Fairmont Royal York Hotel

100 Front Street West, Floor H

Toronto, ON, M5J 1E3

Full Text
THE IDES OF MARCH
AN ADDRESS BY GEORGE A. DREW, K.C., M.P.P.
Chairman: The President, Mr. J. P. Pratt, K.C.
Thursday, March 16, 1939.

THE PRESIDENT: Gentlemen of The Empire Club of Canada, this is going to be an easy task, for I can quickly dispense with the usual words of introduction. I am particularly pleased that I can do so for the reason that I do not know which of the two posts--that now occupied by our speaker, or that formerly held by him as president of The Empire Club-would take precedence. However, I have been asked by Col. Drew to say that he has changed the title of his address, not because he has changed his views, but because he wants to discuss it from a broader angle. He also asks me to assure you that the words he uses in discussing his subject will not give rise to any political discussion. Gentlemen I have great pleasure in calling upon Lieut.-Col. Geo. A. Drew, K.C., M.P.P., former president of this club, and leader of His Majesty's Loyal Opposition in Ontario, to address us. His subject is "The Ides of March."

LIEUT.-COL. GEO. A. DREW: Mr. Chairman and members of The Empire Club, I do appreciate the honor you have done me very sincerely, and the friendship you have shown by the reception you have just given me.

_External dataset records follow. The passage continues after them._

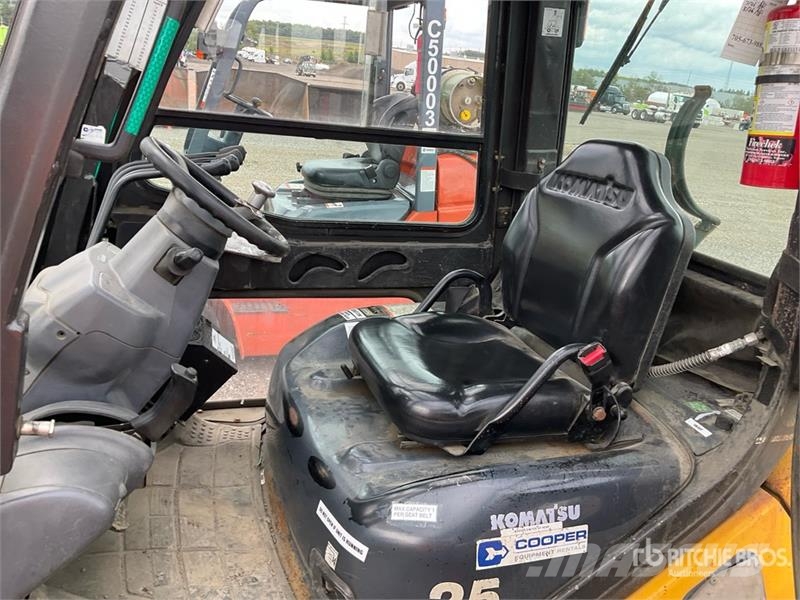 Komatsu FG25T-16 4650 lb Pneumatic Tire Forklift Muut haarukkatrukit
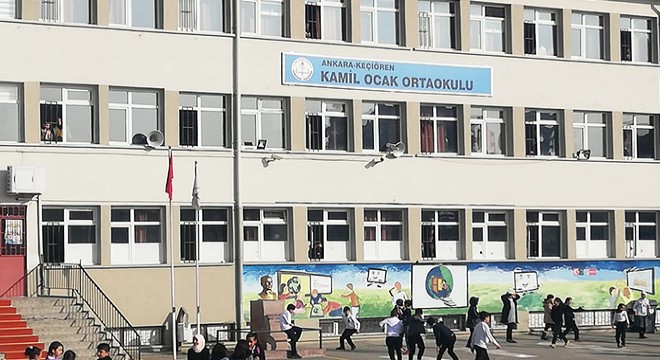 Okulda fenalaşan Mert, hayatını kaybetti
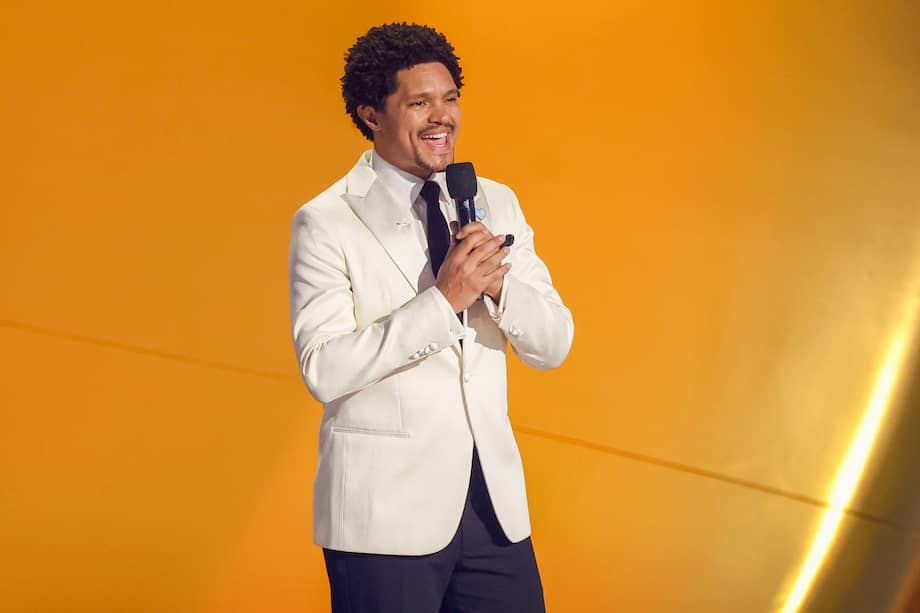 Trevor Noah habla durante la 67ª ceremonia anual de los Premios Grammy en el Crypto.com Arena de Los Ángeles, California, EE.UU.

I do not propose to make any attempt to entertain you. I do not propose to try to amuse you, or to make you laugh, for the occurrences of the last thirty-six hours of which I am going to speak must be closer to tears than laughter everywhere in the world. I do not propose to make any pretence at humour, because, although it is the custom of the British to smile in the face of tragedy, the thoughts of every one of us should not only be directed toward the tragedy that is taking place, but toward the future and all that it implies for us.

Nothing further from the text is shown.